On 14th December 2013, Bishop Gregor celebrated the final Eucharist at the closure and de-consecration of Holy Cross, Knightswood, thus bringing to an end 87 years of Episcopalian presence on the site, writes Graham Hely.
The congregation of Holy Cross, Knightswood was founded in 1926 under the Bishop of Glasgow’s Church Extension Scheme, during the development of the area for residential housing after the First World War. At that time Glasgow had some of the worst housing in Britain, notably in the Gorbals and Cowcaddens areas. Glasgow Corporation’s response to the situation was to create new housing schemes, and in June 1923 the Corporation approved a plan to erect a first phase of 1,100 houses in the eastern area of Knightswood, then open countryside.
The Diocese recognised the need to extend its work into this new area, and land was bought for future church building. In the beginning worship was held in a wooden army hut which had been used in Gretna during the 1914-1918 war. Few houses had been built by this time, with no made roads or paths. The hut stood in an isolated position making attendance on dark winter evenings a hazardous undertaking.

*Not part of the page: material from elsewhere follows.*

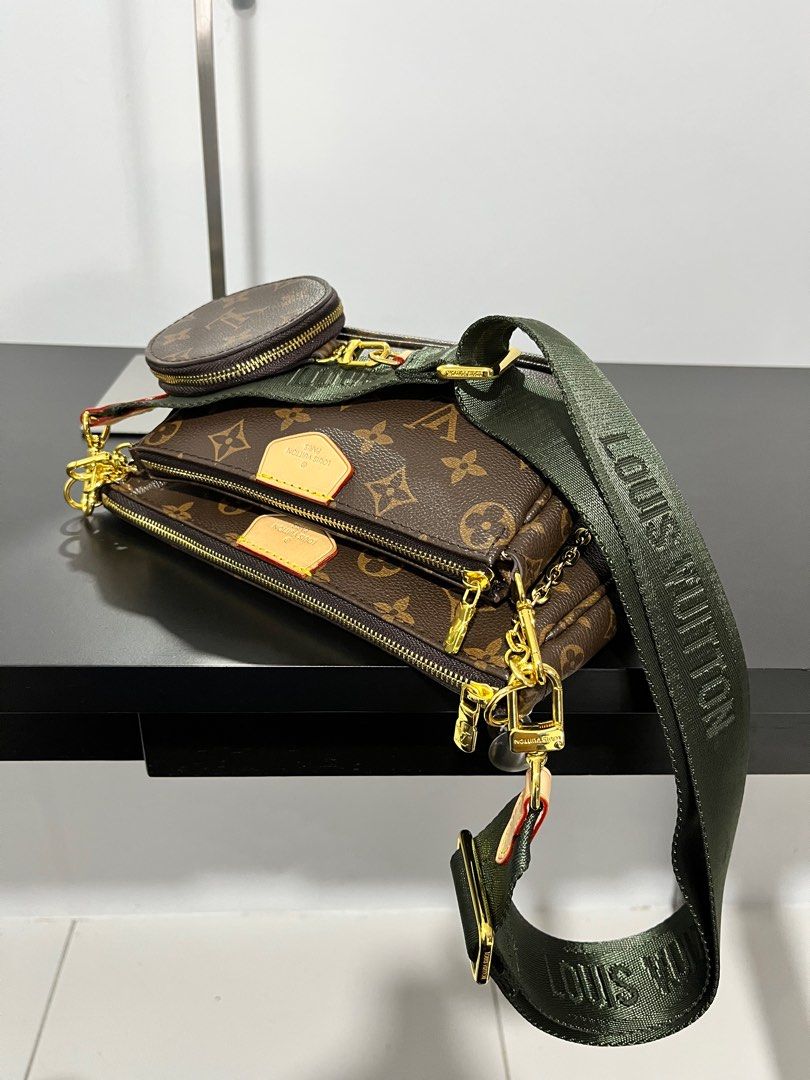 Louis Vuitton Khaki Monogram Multi Pochette Bag Trio Crossbody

The first entry in the Service Register is the dedication of the hut on April 22nd 1926 by the Right Reverend Edward Reid, Bishop of the Diocese. The preacher was the Reverend P. H. Wilson, Priest in Charge of All Saints, St Andrews, whose congregation gave generous financial support to Holy Cross.
On several occasions the Bishop celebrated at the 9am service using the Scottish Office, when there were between five and ten communicants. Records show six communicants for the first Christmas in 1926, and at Easter the following year there were ten at both the early and late services. By 1932 these numbers had grown to 207 at the Christmas Services and the Easter Celebrations showed a similar increase.
The congregation were enthusiastic fund-raisers and the new Church and hall could accommodate these increased numbers. By the outbreak of war in 1939 the church was fully established with a robed choir, 80 in the Sunday School, Mothers Union meetings, Scouts, Guides and a full range of activities and events. In 1941 a land mine fell close to the church causing some structural damage and broken windows – fortunately it failed to explode – if it had the results would have been catastrophic.
Expansion continued in the immediate post-war years with the resumption of the pre-war activities. By the late fifties Tommy Pickering’s 221 Boys Brigade was attracting 100 boys every Friday night from the Knightswood/Drumchapel area. The congregation thrived and the number of communicants rarely fell below 100 at the main Sunday services.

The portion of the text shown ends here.